DATA SECTION:

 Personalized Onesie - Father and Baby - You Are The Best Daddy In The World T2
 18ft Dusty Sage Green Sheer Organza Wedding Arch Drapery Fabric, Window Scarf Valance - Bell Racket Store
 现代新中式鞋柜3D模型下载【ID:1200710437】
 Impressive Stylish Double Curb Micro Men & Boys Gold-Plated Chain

* * *

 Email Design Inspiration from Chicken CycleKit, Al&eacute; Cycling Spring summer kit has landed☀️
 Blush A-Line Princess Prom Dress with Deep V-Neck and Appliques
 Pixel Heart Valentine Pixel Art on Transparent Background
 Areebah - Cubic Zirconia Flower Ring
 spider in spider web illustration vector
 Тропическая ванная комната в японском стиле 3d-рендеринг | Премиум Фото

WORK ITEM: In the listing above, find the line with "Blush A-Line Princess" and the line with "Тропическая ванная комната", then print exactly those two lines and every line between them, and nothing more.

FINAL ANSWER:
 Blush A-Line Princess Prom Dress with Deep V-Neck and Appliques
 Pixel Heart Valentine Pixel Art on Transparent Background
 Areebah - Cubic Zirconia Flower Ring
 spider in spider web illustration vector
 Тропическая ванная комната в японском стиле 3d-рендеринг | Премиум Фото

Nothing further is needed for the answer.